Digital Transformation is a transformation, not a change and we better treat it like that.

Digital Transformation
Digital Transformation is a transformation, not a change and we better treat it like that.
What’s the difference? When we change, we try to make progress as safely as possible and that rarely includes reinventing from scratch — it’s too risky. Transforming
means burning the old bridges and doing things completely differently, better and more efficiently. As for the digital? It means transforming the way we do business
and serve our customers to first avoid being disrupted as a business altogether, and further to monetise new revenue streams by leveraging the latest technologies.

Digital Literacy
The foundations of DX are digitisation and digitalisation, aka replicating every process
and data a business runs on in a digital format. Even though in an ideal world every
company should have their processes structured and automated, realistically most
of them have such operations they haven’t put under a regulated hood yet. So the
first challenge is being able to think in a digital manner and identify what can be
digitised and digitalised, be it processes or data that feed them or are expected as
an output from them.

Data Literacy
Data is gold, and a brave and wise storyteller. Just that you should
know how to read them, and most importantly what to read,
otherwise it will be a noisemaker at best, with a high risk of telling
the wrong story or in a foreign language we never learnt.
We moved from a society that was not measuring enough, to one that is over measuring
and reporting. Because we have so many channels and “showrooms”, oftentimes we
give too much importance to vanity metrics, which frankly speaking can be artificially
and accidentally produced and rarely walk anything to the bank.
This goes especially when used for decision-making. We don’t want our executives
to base their decisions on intuition alone and even worse on emotions, we want to
fuel them with the insights that can’t even be seen immediately by looking at the
raw data. We want our departments to start driving on AI, but before we go there
completely, we need the data, properly fetched and read and interpreted.

Design Thinking Literacy

“In the final analysis, therefore, we digitise
information, we digitalise processes and roles
that make up the operations of a business,
and we digitally transform the business and
its strategy. Each one is necessary but not
sufficient for the next, and most importantly,
digitisation and digitalisation are essentially
about technology, but digital transformation
is not. Digital transformation is about the
customer.”
— Jason Bloomberg

That means technology should be invisible, resting in the background, and enabling the experience to be completely seamless. This makes the talks about products
and solutions between different departments revolve around more natural language with less technical terminology as a barrier: How to keep the customers
engaged and satisfied — in other words: retain them.
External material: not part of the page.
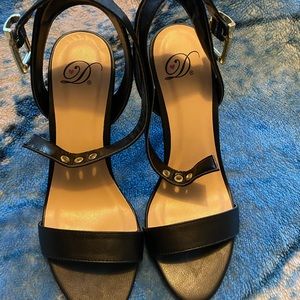 Super cute black heels w/ straps around the ankle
Having said that, we need to shift our thinking process to engineer
from the outside, hence our customers and what they expect. This is
proving to be demanding at times, because they are already used to
technology that works perfectly and that comes from companies with
a well-structured, dedicated tech team. You’re competing for their
attention with all those other companies. Or you can learn from that,
right?
That’s where Design Thinking makes an entrance.
It’s a creative approach to problems and
challenges presented, and be agile.
What makes an approach creative when thinking in itself is supposed
to be creative, you might rightfully ask. A purpose — the end-user the
solution to be built is going to serve. Starting with the right mindset
and goal, the rest is an iteration until it proves to be successful. Back
to the learning opportunity, you can use the existing perfect
technologies your customers are already relying on and loving, as a
meter to know them and analyse their behaviour psychology better.This will shorten the iteration and help you be at the edge of
customer experience, but of course you have to define what that
means for your customers and business offering.